No indication that ACARS was disabled thus no expert required. Malaysia airlines does not subscribe to the ACARS so their pilots would not be familiar with it. Rolls Royce does have a subscription as part of their maintenance/support for the engines. On this flight there were three messages scheduled. One on takeoff, one upon initial cruise climb complete and one on landing. The second message was sent shortly before the aircraft diverted from plan. The third message was never received because (I assume) the aircraft never landed (crashing doesn’t count). The messages are not of immediate operational interest so they are sent at scheduled transmission windows. The SATCOM link stays active (who turns off their cable modem when they’re not watching television or surfing the Internet).
I believe today the Malaysians stated that in fact the ACARs was turned off and, according the timing of it, that the person making the “All right, good night” radio call to KUL ATC was not the person doing it.

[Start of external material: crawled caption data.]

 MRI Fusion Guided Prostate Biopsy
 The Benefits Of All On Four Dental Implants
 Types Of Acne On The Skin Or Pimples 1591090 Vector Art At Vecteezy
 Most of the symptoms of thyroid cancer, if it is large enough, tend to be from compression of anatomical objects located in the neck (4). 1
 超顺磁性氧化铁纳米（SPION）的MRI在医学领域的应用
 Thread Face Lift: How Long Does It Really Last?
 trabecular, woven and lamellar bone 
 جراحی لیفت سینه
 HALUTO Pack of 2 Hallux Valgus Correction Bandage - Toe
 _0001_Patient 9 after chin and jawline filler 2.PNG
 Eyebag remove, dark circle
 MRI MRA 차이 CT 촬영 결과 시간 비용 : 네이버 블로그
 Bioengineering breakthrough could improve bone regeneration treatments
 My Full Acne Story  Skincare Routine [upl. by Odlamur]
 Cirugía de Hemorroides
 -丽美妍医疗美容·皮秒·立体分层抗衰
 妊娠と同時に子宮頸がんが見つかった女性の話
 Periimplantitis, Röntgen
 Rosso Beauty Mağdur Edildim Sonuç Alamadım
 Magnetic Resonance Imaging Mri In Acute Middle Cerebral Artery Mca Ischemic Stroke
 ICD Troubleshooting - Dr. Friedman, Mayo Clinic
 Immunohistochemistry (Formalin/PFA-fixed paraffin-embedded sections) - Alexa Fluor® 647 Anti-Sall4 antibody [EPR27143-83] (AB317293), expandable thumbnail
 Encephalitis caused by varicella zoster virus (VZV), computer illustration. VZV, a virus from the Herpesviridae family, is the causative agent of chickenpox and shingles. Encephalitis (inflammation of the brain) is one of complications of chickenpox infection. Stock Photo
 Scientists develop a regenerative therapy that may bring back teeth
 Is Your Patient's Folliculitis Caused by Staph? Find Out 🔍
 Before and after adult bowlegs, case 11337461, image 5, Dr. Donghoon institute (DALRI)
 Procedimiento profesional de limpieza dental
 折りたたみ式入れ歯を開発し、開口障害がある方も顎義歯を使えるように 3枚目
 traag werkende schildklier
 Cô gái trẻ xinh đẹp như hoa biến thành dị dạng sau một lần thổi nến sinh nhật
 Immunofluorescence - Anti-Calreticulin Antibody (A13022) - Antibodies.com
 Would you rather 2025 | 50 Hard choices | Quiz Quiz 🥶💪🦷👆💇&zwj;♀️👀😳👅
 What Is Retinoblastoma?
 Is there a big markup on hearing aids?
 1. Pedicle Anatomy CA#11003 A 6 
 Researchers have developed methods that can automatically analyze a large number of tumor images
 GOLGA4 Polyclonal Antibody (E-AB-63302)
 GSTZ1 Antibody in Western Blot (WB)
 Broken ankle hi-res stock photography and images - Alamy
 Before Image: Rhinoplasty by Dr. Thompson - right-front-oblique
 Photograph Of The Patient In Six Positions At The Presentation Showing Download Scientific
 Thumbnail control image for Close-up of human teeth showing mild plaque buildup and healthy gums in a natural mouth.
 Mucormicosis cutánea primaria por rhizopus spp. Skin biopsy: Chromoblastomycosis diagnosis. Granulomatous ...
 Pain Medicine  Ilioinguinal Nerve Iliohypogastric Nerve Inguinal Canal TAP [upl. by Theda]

As disabling the ACARs would be done in another part of the airplane that then indicates that someone was in the cockpit talking to ATC at roughly the same time someone else was manually turning it off elsewhere in the plane.
Ugh.....
That is what was thinking also ... The only ping missing would be at landing gear down for touchdown. Doubt anyone could say for certain was disabled.
You mean HCM -- for extended overwater operations everyone has to have continuous availability to dispatch, with two-way communications. I think they had ACARS, though it may have been disabled at some point.